Morgan Stanley tallied the relationship between biotech and rate cuts in a recent report. In the months leading up to the first rate cut, the biotech sector consistently outperforms the market, but after the first rate cut lands, it underperforms for about a month. After consolidating, biotech companies will start to rise again and will generally rise by about 20% to 30% within 6 to 12 months after the first rate cut.

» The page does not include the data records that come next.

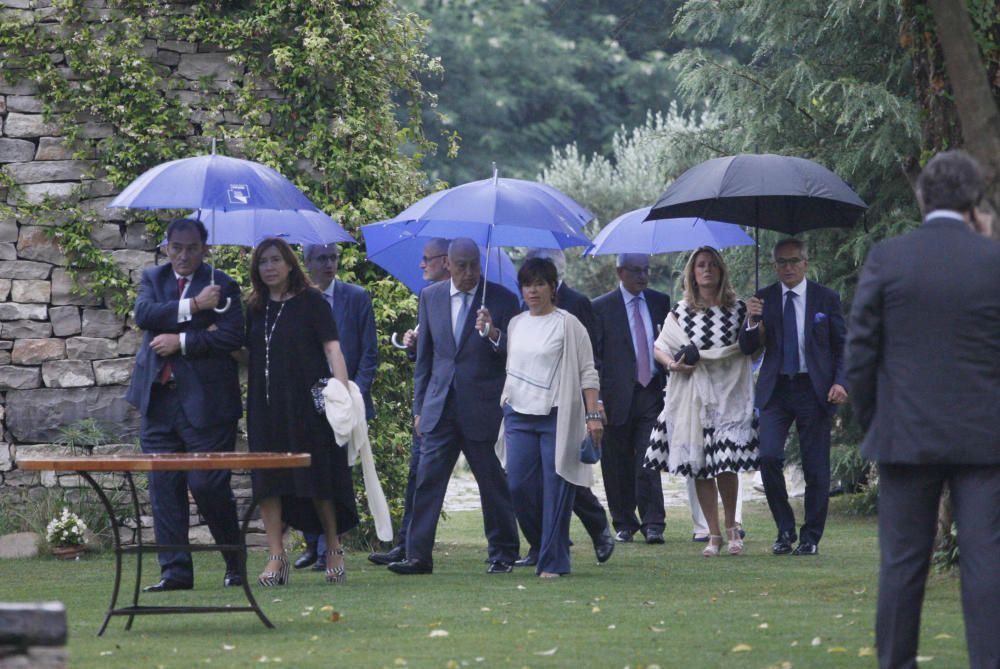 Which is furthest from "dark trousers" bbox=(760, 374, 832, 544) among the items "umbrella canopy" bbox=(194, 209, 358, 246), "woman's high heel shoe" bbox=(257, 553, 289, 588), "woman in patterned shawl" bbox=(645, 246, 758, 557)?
"woman's high heel shoe" bbox=(257, 553, 289, 588)

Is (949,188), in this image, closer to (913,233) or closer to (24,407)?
(913,233)

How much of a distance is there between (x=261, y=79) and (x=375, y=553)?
3550 millimetres

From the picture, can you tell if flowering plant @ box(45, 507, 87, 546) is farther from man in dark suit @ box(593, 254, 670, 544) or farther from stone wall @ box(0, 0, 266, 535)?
man in dark suit @ box(593, 254, 670, 544)

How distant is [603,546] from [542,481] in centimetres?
94

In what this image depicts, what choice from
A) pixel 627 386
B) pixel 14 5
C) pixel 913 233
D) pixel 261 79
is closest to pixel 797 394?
pixel 627 386

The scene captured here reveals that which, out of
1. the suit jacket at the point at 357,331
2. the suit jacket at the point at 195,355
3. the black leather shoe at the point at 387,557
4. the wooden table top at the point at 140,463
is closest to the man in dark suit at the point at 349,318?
the suit jacket at the point at 357,331

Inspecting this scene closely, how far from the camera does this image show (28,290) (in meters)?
11.9

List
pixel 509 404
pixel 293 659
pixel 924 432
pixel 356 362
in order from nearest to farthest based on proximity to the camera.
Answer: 1. pixel 924 432
2. pixel 293 659
3. pixel 509 404
4. pixel 356 362

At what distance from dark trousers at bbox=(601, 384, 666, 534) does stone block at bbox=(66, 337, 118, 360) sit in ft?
11.9

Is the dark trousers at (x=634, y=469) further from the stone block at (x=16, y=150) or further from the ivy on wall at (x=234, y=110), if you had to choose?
the stone block at (x=16, y=150)

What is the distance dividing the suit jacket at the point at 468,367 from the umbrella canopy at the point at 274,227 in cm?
72

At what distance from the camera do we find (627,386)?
12273mm

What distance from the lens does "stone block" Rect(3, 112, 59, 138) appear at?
12.0m

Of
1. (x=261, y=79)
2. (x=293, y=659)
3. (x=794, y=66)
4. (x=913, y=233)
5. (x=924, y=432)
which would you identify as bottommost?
(x=293, y=659) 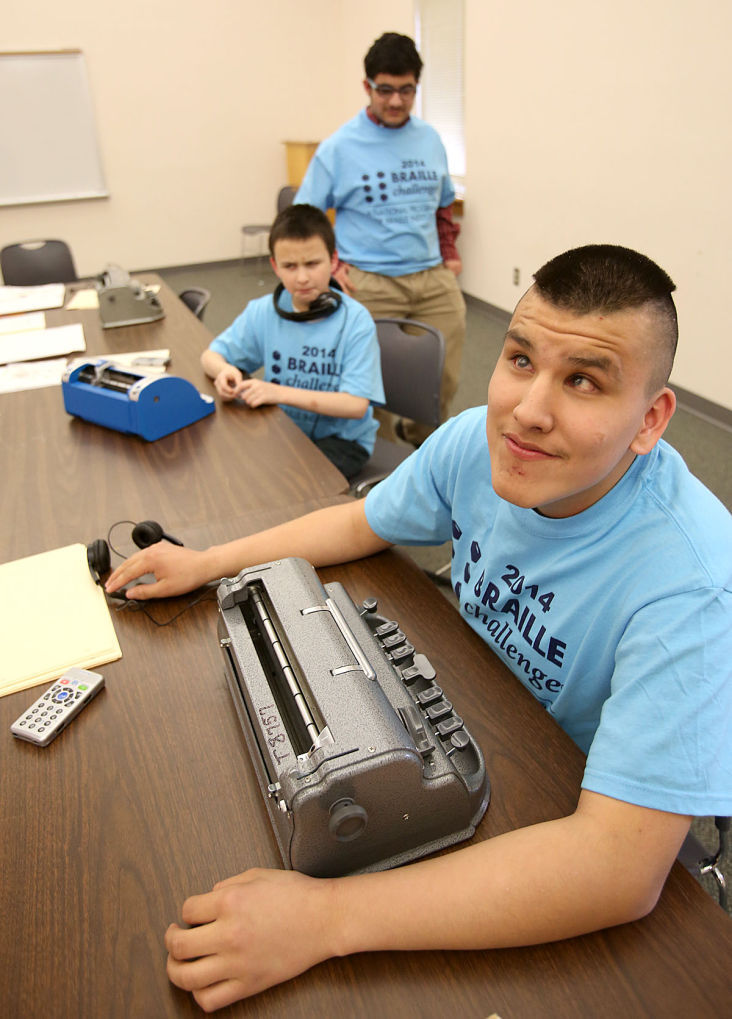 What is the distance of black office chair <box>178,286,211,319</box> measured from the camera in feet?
9.82

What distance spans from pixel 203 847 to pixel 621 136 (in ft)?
13.3

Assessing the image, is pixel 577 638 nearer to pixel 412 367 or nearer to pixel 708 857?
pixel 708 857

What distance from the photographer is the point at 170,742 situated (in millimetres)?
870

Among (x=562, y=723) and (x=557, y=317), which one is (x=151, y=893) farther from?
(x=557, y=317)

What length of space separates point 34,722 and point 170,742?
19 centimetres

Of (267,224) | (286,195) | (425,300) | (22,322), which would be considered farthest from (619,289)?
(267,224)

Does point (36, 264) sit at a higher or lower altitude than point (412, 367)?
higher

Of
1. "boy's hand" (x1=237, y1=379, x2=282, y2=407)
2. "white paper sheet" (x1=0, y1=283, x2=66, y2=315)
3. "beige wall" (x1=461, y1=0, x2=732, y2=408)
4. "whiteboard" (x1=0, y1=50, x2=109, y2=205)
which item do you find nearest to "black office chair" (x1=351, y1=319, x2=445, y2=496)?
"boy's hand" (x1=237, y1=379, x2=282, y2=407)

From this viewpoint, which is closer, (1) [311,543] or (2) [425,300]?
(1) [311,543]

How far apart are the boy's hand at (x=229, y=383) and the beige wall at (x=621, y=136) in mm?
2558

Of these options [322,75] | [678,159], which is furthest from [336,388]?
[322,75]

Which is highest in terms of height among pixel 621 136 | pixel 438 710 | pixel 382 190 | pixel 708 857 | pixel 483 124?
pixel 483 124

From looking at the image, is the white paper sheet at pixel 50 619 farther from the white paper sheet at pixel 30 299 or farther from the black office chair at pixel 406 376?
the white paper sheet at pixel 30 299

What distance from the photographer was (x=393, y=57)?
248 cm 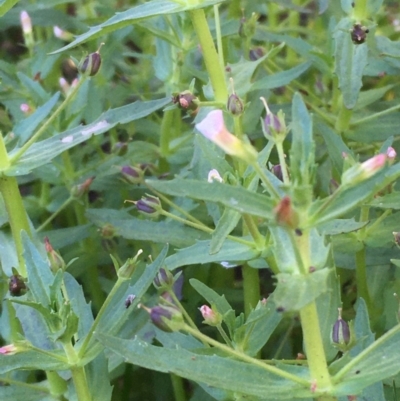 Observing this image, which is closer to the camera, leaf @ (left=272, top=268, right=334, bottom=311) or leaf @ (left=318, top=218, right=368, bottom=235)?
leaf @ (left=272, top=268, right=334, bottom=311)

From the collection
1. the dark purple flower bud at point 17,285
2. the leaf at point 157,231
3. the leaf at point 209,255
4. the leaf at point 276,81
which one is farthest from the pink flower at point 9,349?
the leaf at point 276,81

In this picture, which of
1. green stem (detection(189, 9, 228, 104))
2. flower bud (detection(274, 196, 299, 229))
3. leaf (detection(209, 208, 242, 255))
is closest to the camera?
flower bud (detection(274, 196, 299, 229))

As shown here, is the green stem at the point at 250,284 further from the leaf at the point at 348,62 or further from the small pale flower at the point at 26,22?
the small pale flower at the point at 26,22

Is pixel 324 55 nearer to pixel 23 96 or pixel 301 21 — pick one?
pixel 23 96

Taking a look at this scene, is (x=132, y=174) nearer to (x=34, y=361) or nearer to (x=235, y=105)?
(x=235, y=105)

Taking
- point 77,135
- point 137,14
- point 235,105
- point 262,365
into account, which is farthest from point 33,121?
point 262,365

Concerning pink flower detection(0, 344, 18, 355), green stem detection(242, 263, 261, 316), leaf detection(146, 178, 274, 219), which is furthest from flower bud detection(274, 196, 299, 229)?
green stem detection(242, 263, 261, 316)

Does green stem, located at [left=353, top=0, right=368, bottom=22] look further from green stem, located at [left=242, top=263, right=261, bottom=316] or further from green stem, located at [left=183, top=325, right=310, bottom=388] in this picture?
green stem, located at [left=183, top=325, right=310, bottom=388] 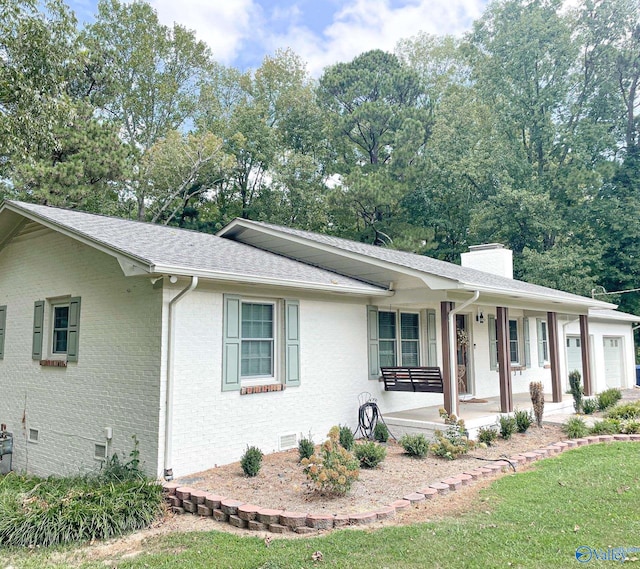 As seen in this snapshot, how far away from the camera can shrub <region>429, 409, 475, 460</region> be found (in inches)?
293

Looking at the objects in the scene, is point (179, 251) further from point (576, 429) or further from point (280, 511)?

Biotech stocks are generally smaller in scale, with many companies involved in the sector, and drug development processes are complex. Company stock prices often fluctuate significantly due to a single drug. Therefore, for ordinary investors, industry-related ETFs may be a better choice. Here are a few representative ETFs for your reference:

With the impending interest rate cut, how should we invest in biotechnology stocks that are sensitive to interest rates? -4

IBB ($iShares Biotechnology ETF(IBB.US)$) and XBI (SPDR S&P Biotech ETF (XBI.US)) are larger in size, both close to $8 billion. ARKG ($ARK Genomic Revolution ETF(ARKG.US)$) is an actively managed ETF under "Sister Wood" Cathie Wood. LABU ($Direxion Daily S&P Biotech Bull 3x Shares ETF(LABU.US)$) and LABD ($Direxion Daily S&P Biotech Bear 3x Shares ETF(LABD.US)$) are leveraged ETFs, with three times long/short respectively. It should be noted that, although leveraged ETFs can achieve excess returns, losses can also be magnified, and the losses incurred during operation should also be noted.

Related risks

  • Interest rates fail to decline as scheduled: Although the market seems to have already made up its mind about Fed rate cuts, there is a possibility that inflation may rebound again in the next few months, causing the Fed to postpone action, and the biotech sector may continue to return to a turbulent market. The Fed will hold a FOMC meeting at the end of July and announce the rate decision on the afternoon of July 31st, and investors should keep an eye on it.

  • High volatility: R&D and clinical trial results, regulatory approvals, market competition, and investor sentiment all affect the performance of biotech companies. The overall market capitalization of companies in the sector is relatively small, and overall volatility is higher.

Risk disclosure: This content does not constitute a research report, is for reference only, and should not be used as a basis for any investment decisions. The information involved in this article is not a comprehensive description of the securities, markets, or developments mentioned. Although the information source is considered reliable, the accuracy or completeness of the above content is not guaranteed. In addition, no guarantee is given for any statements, opinions, or forecasts provided in this article.

Disclaimer: The above content does not constitute any act of financial product marketing, investment offer, or financial advice. Before making any investment decision, investors should consider the risk factors related to investment products based on their own circumstances and consult professional investment advisors where necessary.